Segment Start: PROVIDED DATA

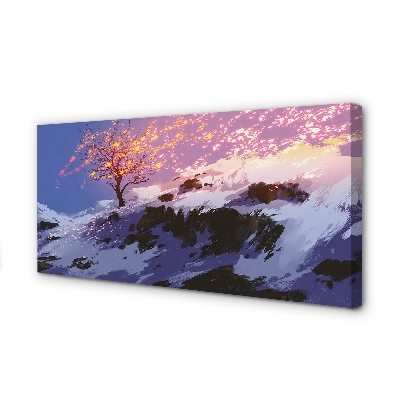 Quadro em tela Árvore da montanha de inverno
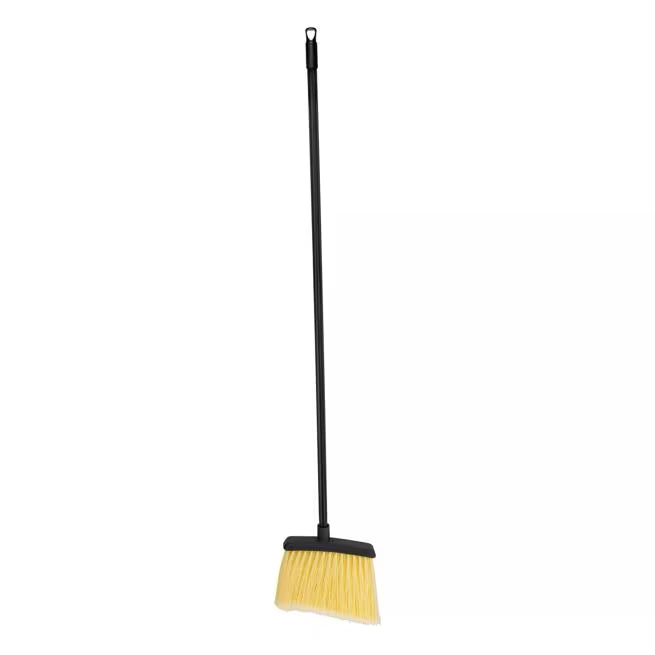48 Inch Natural Duo-Sweep Flagged Heavy Duty Angle Broom with a black metal handle, 12 Inch angled brush head and flagged synthetic bristles. Built for commercial sweeping in high traffic environments.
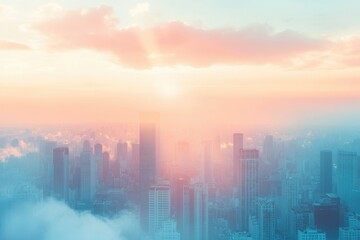Fototapeta premium Cityscape at sunrise, pastel hues, hazy skyline, urban panorama.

Segment End: PROVIDED DATA

• INSTRUCTIONS FOR THE TASK:
The listing should be transcribed in full, exactly, and without its pictures.

• WORKED SOLUTION:
 Quadro em tela Árvore da montanha de inverno
48 Inch Natural Duo-Sweep Flagged Heavy Duty Angle Broom with a black metal handle, 12 Inch angled brush head and flagged synthetic bristles. Built for commercial sweeping in high traffic environments.
Fototapeta premium Cityscape at sunrise, pastel hues, hazy skyline, urban panorama.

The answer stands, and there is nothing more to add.